**What needs to be done**
Your answer must be the full listing, word for word, with no images in it.

**Recorded data**
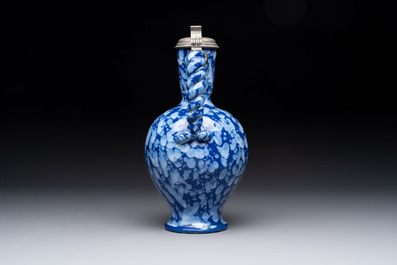 A rare Nevers pewter-mounted white-splashed blue-ground '&agrave; la bougie' ewer with rope twist handle, France, late 17th C.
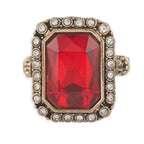 Ring with a red gemstone and gold border on a white background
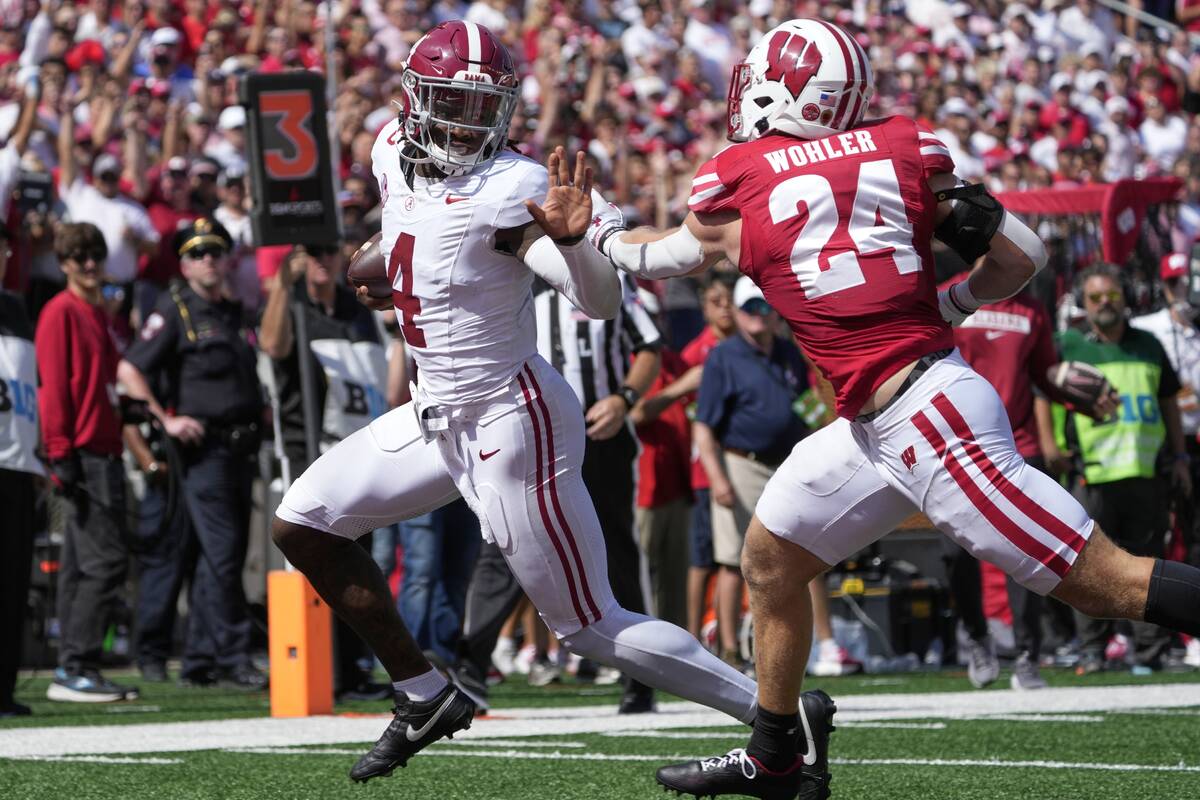 Alabama's Jalen Milroe (4) runs past Wisconsin's Hunter Wohler (24) for a touchdown during the ...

**Response to the task**
 A rare Nevers pewter-mounted white-splashed blue-ground '&agrave; la bougie' ewer with rope twist handle, France, late 17th C.
 Ring with a red gemstone and gold border on a white background
 Alabama's Jalen Milroe (4) runs past Wisconsin's Hunter Wohler (24) for a touchdown during the ...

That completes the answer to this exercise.